I've hunted the last 5 days. 1 deer seen. I sat from day light to dark. every day. No bucks and only 4 does on 6 cameras, since August. 150 acres, not feeling good about Heard Co.


----------



## blood on the ground

Hunted from Friday to Sunday and seen plenty of does but no bucks yet. Our rut is still a few weeks away so I think things will pick up soon.


----------



## Ehampt

Headed down for the first time this weekend. Hopefully this cold front will get some moving. Reading what yall wrote doesn't sound too promising, though.


----------



## Rackmaster

*Heard*

Electricman we have the same problem.  These locals go down the main dirt roads and dig out the ditches with their 4x4s and 4 wheelers, they take their trucks and push on our gates until they are in a u shape.  Our land borders the West Point WMA and they are tearing up the roads on the WMA as well.  We have talked to the Game Warden and he can't seem to catch them either!


----------



## WestGaJohn

Hunted Sunday morning & evening.  Two different spots & saw & heard 0.  It won't get good in Heard Co until closer to Thanksgiving.


----------



## blood on the ground

WestGaJohn said:


> Hunted Sunday morning & evening.  Two different spots & saw & heard 0.  It won't get good in Heard Co until closer to Thanksgiving.



Yep!


----------



## Jay Hughes

Seen a few scrapes. Got a couple of almost shooter bucks on camera. Don't usually start getting pictures of the big boys until November.


----------



## JM52388

Had over 10 different bucks in 1 food plot last week on cam with fights everyday!! Dad saw 4 bucks 1 being a shooter right at last light but couldnt shoot on saturday. I saw 3 bucks sunday an watched 2 four pts fight sunday. Rubs everywhere an scrapes starting to stay clean. Been good at our place.


----------



## Meriwether Mike

Saw nothing on Saturday afternoon. Only heard one shot which was early. Did have a cool encounter with a bobcat though.


----------



## broach0018

Slow at our place.  Only a few deer on camera and two bucks since season started.  Should pick up closer to thanksgiving.


----------



## 308 WIN

Very poor in Heard for us. Been getting worse for years. Anyone who hunted in the 80's and 90's knows it's just sad that our deer herd could now be in this situation.


----------



## Redneck Maguiver

Its only getting worse IMO.  last year got weak toward the end of the season and this year is starting out just as it ended.  Got alot of pics during the spring and summer and now nothing hardly.


----------



## JM52388

They are really tearin the food plots up 200+ pics a week! I saw basket rack an  and my dad saw 7 does saturday morning 3 does sunday morning and dad saw 3 does last night and went ahead an took one. Rubs on every cedar tree i walk by. Seein plenty of deer.


----------



## toolmkr20

I keep hearing the same thing about our county. I just don't understand how the deer herd in Heard Co. can be so different property to property. I have seen deer almost every trip to the woods this year. I took a nice doe a few weeks ago. I haven't seen any shooter bucks but like others have said it will still be a week or two before the big boys make an appearance. Are you guys that aren't seeing anything just not seeing deer period or just not seeing bucks? Also what areas of the county are you hunting because the 100 side  closer to Ephesus seems to be loaded with deer to me but I guess some tracts could be better then others depending on how much people are willing to put into the property. As far as the locals tearing up personal property I haven't noticed that on our lease yet and hopefully I won't, i'm a local myself and have never felt the need to act like an idiot and mess up someones property. Hope you guys catch the morons messing up the roads and damaging your gates. Also hope the hunting gets better for you guys and y'all get a crack at one the beasts that I know Heard has hiding out in the pines


----------



## UCFdanny3

From my views today, the rut is starting up! At 8:00 this morning I saw what I guessed was an 8-point (because he never looked up) on a bee line for a doe that had run through the area a few minutes before. I tried grunting, blowing, calling, everything and couldn't get him to stop for a shot.

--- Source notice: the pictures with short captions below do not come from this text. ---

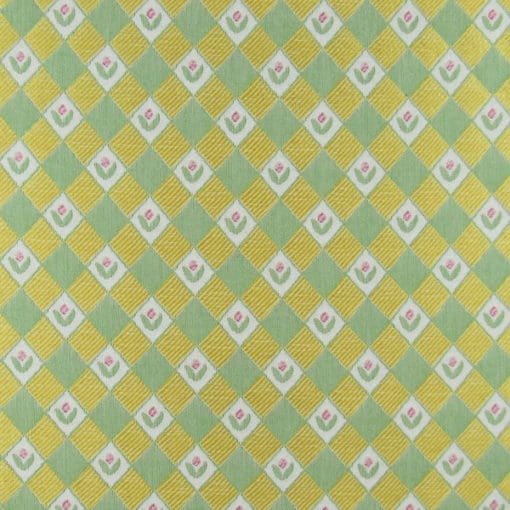 Diamond Tulip Sunshine Fabric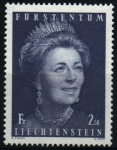 Stamps Liechtenstein -  Princesa Gina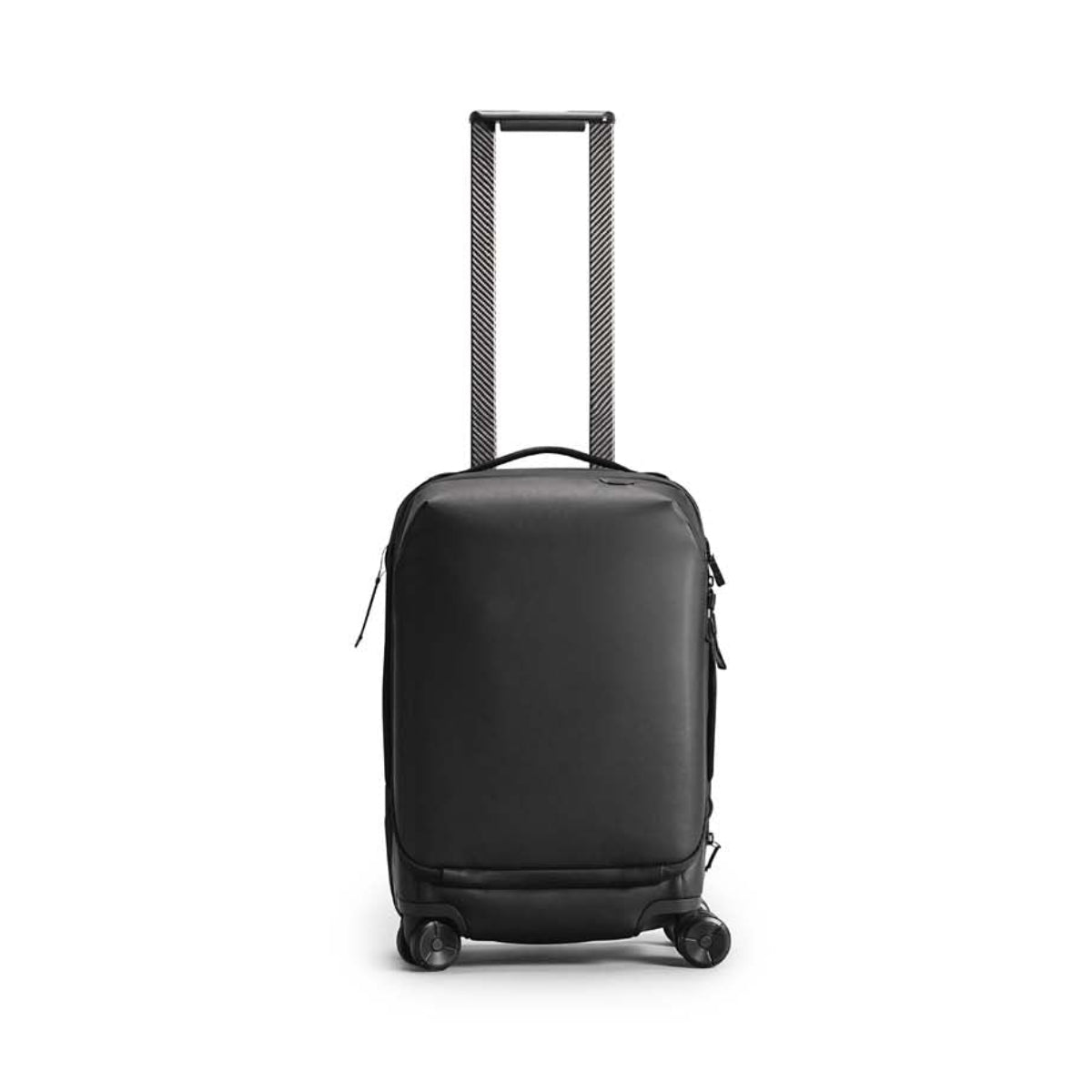Peak Design Luggage Black Peak Design Roller Pro Carry-On Luggage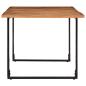 Preview: Esstisch 180x90x75 cm Massivholz Akazie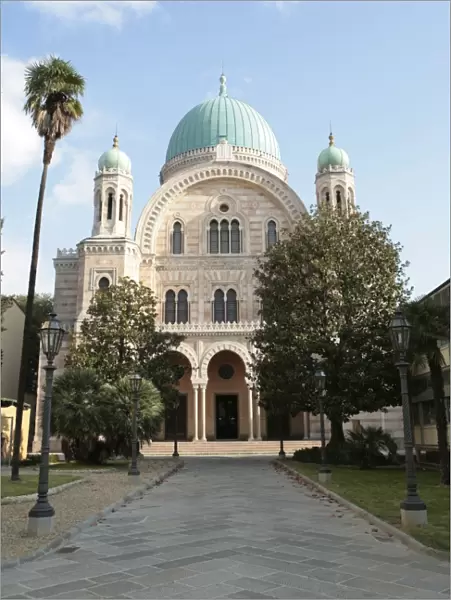 Synagogue, Florence, Tuscany, Italy, Europe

On the side of the bypass (just west of 16) there is a deer that was hit by a car and the neck is bigger around than the chest.


----------



## Hogwild80

I dont hunt heard county i hunt lamar,last year was good,i didnt kill a single deer off of it my brother inlaw killed two and seen plenty of deer,this year i hunted all week and seen zero,food plots didnt do well,and dont have acorns like we did last year dont understand it,maybe its a combination between the two we have a total of five foodplots on 125 acres maybe it will come around


----------



## Ehampt

hunted this weekend, not too much movement. too warm, plus full moon. Starting to see more scrapes though. Where we hunt in Texas off 219, rut hits hard 12/8-12/15. That is the week to be in the woods. Not a single buck on our cameras, though.......


----------



## kvbbro

My son shot his first buck,  a 4-point this past weekend (Friday afternoon).  Saw one buck on trail cam and starting to see fresh rubs and scrapes.  Near Texas.


----------



## ehunt

maybe the state of Alabama should "buy" heard county so we could hunt they're hunting season dates and actually get to hunt heard co deer the way they should be hunted.  im saying it gets good and then season closes. frustrating since 1994 when I started hunting there


----------



## JM52388

Got this buck checkin scrape this past week! Saturday had doe pee in front of and buck came running from pines grunting and went straight to pee and peed on top of it. Heard more grunting and limbs breaking but never saw him yesterday. Getting good at our property just outside of franklin!


----------



## Pseman17

*got this nice one on camera lastweek*

this one is pretty nice got him on camera last week his neck still aint swole but there starting to lay scrapes but its still the little guys right now


----------



## JM52388

Heres a few from the plots! Got some others but not real clear.


----------



## Pseman17

JM52388 said:


> Heres a few from the plots! Got some others but not real clear.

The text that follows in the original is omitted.